Honest Splits and Baselines¶

Scenario: Evaluating a Spam Email Classifier¶

You're developing a spam filter for an email service. Without proper splits and baselines, you might overstate performance—establish honest train/validation/test splits and compare against dummy baselines to ensure the model genuinely improves over random or majority-class guessing.

What This Is¶

This topic is about creating a clean split before comparison starts and making sure a real model beats a trivial baseline honestly.

The deeper lesson is that the split is part of the method. If the split is weak, every later comparison becomes suspect.

When You Use It¶

starting any supervised tabular task
comparing a first learned model against a dummy baseline
keeping the validation story clean
checking whether a metric or feature idea is actually better than the floor
deciding whether a stronger model is worth the extra complexity yet

Tooling¶

train_test_split
StratifiedShuffleSplit
DummyClassifier
LogisticRegression
stratify

Library Notes¶

train_test_split is the quickest honest split when you want one train and one validation set.
stratify=y keeps the class mix similar across splits when the target is imbalanced.
random_state makes the split reproducible, which matters when you want to compare model changes fairly.
StratifiedShuffleSplit is useful when you want repeated random stratified splits instead of just one split.
StratifiedKFold is useful when you want several stratified validation folds and a steadier estimate than a single holdout.
DummyClassifier(strategy="prior") is the cleanest baseline when you want to know what the class distribution alone gives you.
DummyClassifier(strategy="most_frequent") is useful when you want to compare against the simplest hard-label rule.
DummyClassifier(strategy="stratified") is useful when you want a random baseline that still respects the observed class balance.
DummyClassifier(strategy="uniform") is a rough lower-information baseline when you want to compare against chance-like behavior.
DummyClassifier(strategy="constant") is useful when the task is really about one class and you want to test that assumption directly.

prior and most_frequent often look similar in predict, but they differ in predict_proba. That matters when the metric depends on probabilities rather than hard labels.

The Evaluation Contract¶

The honest contract for a first serious workflow is:

define the split rule from the deployment story
reserve a validation set or cross-validation scheme for selection
keep one locked test or holdout for the final check only
compare the dummy baseline and the first learned model under exactly the same split

If the task is small, cross-validation can replace a single validation split for selection, but the locked test still keeps a different role. It is not another knob in the tuning loop.

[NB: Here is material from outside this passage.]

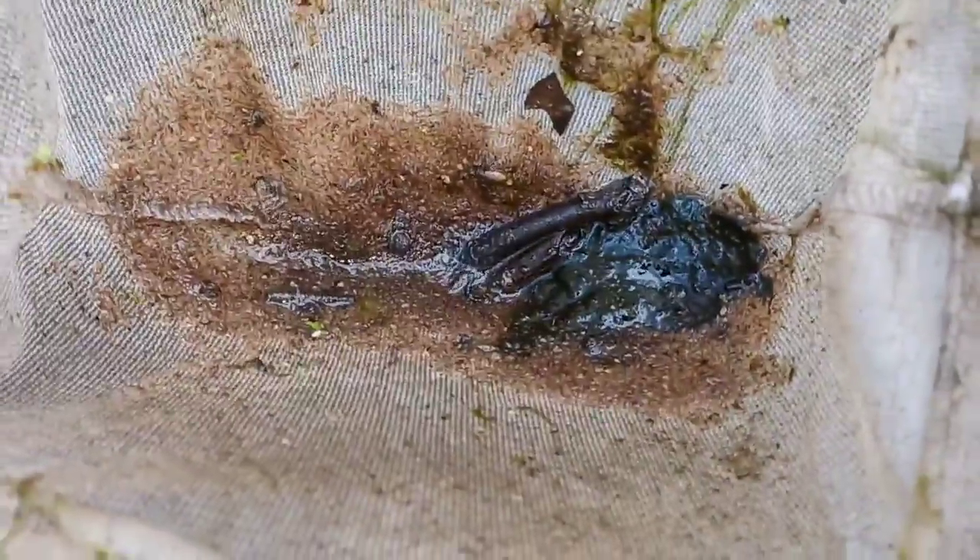These pools normally dry up during the summer months, so there are no fish here and very few predators. Just lots of Daphnia, a few scuds, and a few mosquito larvae, which won't do any harm.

Two baseline numbers are worth knowing cold:

majority-class accuracy floor: max_c p(y=c)
random-ranking average precision floor: approximately the positive prevalence

Those numbers stop a weak metric choice from looking like progress.

Baseline Ladder¶

start with DummyClassifier as the floor
then try one honest linear model
then add one stronger family if the baseline is stable
only after that decide whether more complex tuning is worth the effort

This keeps the first comparison honest and prevents early overfitting to a pleasing result.

Split Recipe¶

Use one split rule and keep it fixed while you compare models:

from sklearn.model_selection import train_test_split

X_train, X_valid, y_train, y_valid = train_test_split(
    X,
    y,
    test_size=0.30,
    stratify=y,
    random_state=0,
)

Why this pattern matters:

the validation set is created once
the class mix stays believable
the same rows are used to compare every first-pass model
the split can be repeated exactly when you need to explain a result later

If the task has groups, time order, or repeated entities, this recipe is not enough. Use a split strategy that respects the data shape instead of forcing everything through one random split.

Which Split Should Win¶

Do not ask only whether the model wins. Ask whether it still wins under the split that matches the real task.

random split: useful only when rows are genuinely independent
grouped split: required when repeated entities can leak identity across train and validation
ordered split: required when features are meant to predict the future
leaky split: any split that allows future or duplicate information to cross the boundary and should be treated as invalid evidence

If a model looks strong on a random split but weak on grouped or ordered validation, the correct conclusion is usually that the earlier comparison was flattering, not that the grouped split is unfair.

Minimal Example¶

from sklearn.model_selection import train_test_split

X_train, X_valid, y_train, y_valid = train_test_split(
    X, y, test_size=0.30, stratify=y, random_state=0
)

If you need several comparable validation draws, repeat the split with a stratified splitter:

from sklearn.model_selection import StratifiedShuffleSplit

splitter = StratifiedShuffleSplit(n_splits=5, test_size=0.30, random_state=0)
for train_idx, valid_idx in splitter.split(X, y):
    X_train, X_valid = X[train_idx], X[valid_idx]
    y_train, y_valid = y[train_idx], y[valid_idx]

Worked Pattern¶

from sklearn.dummy import DummyClassifier
from sklearn.linear_model import LogisticRegression

dummy = DummyClassifier(strategy="prior").fit(X_train, y_train)
model = LogisticRegression(max_iter=1000).fit(X_train, y_train)

The point of this pattern is not to impress yourself with the model. It is to create a floor that is hard to fool.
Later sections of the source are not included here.